# What to do
In the entries below, find the line with "Condo in Clearwater, Florida, 2" and the line with "20000 E Country", then retype both and everything between them exactly. Do not copy the pictures.

# Records provided
===============
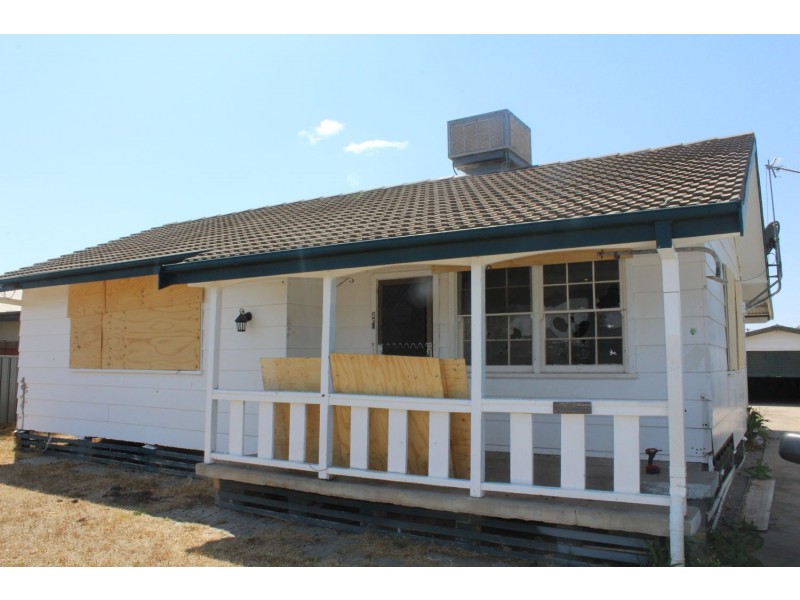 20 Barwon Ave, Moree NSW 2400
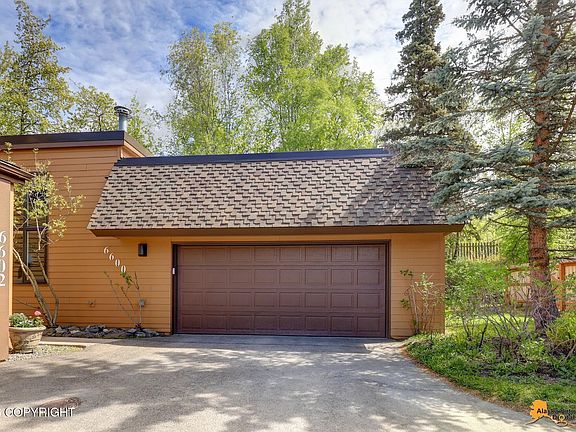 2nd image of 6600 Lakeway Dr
===============
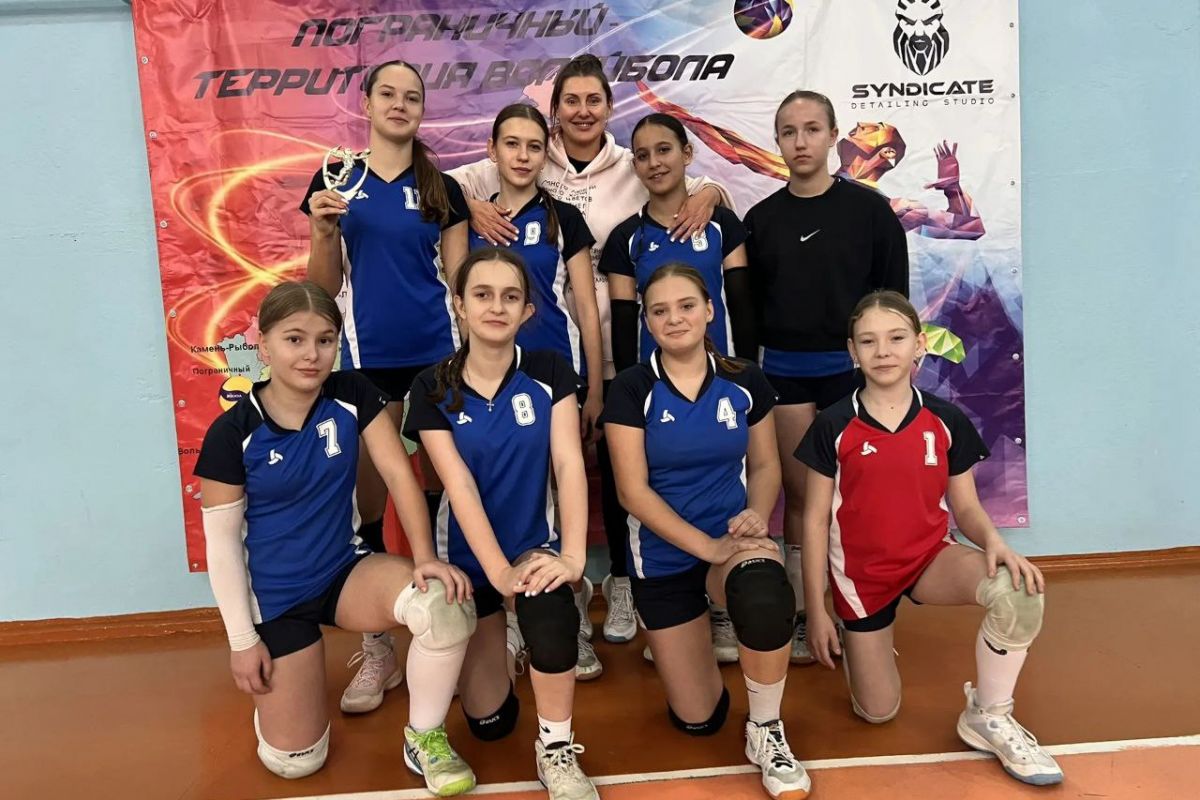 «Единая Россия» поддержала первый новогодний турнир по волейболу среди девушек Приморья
===============
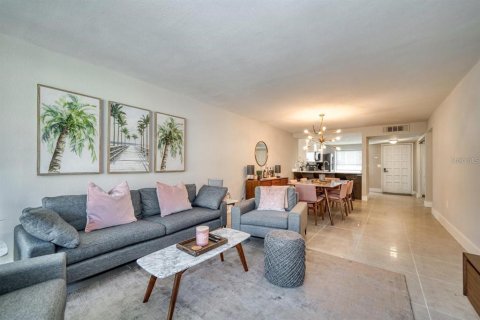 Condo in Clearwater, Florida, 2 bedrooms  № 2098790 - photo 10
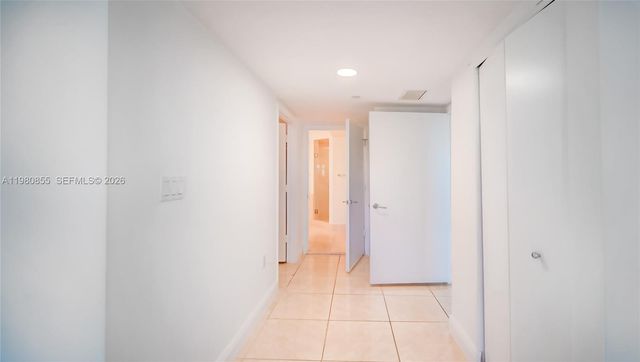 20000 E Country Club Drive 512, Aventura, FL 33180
===============
# Exercise result
 Condo in Clearwater, Florida, 2 bedrooms  № 2098790 - photo 10
 20000 E Country Club Drive 512, Aventura, FL 33180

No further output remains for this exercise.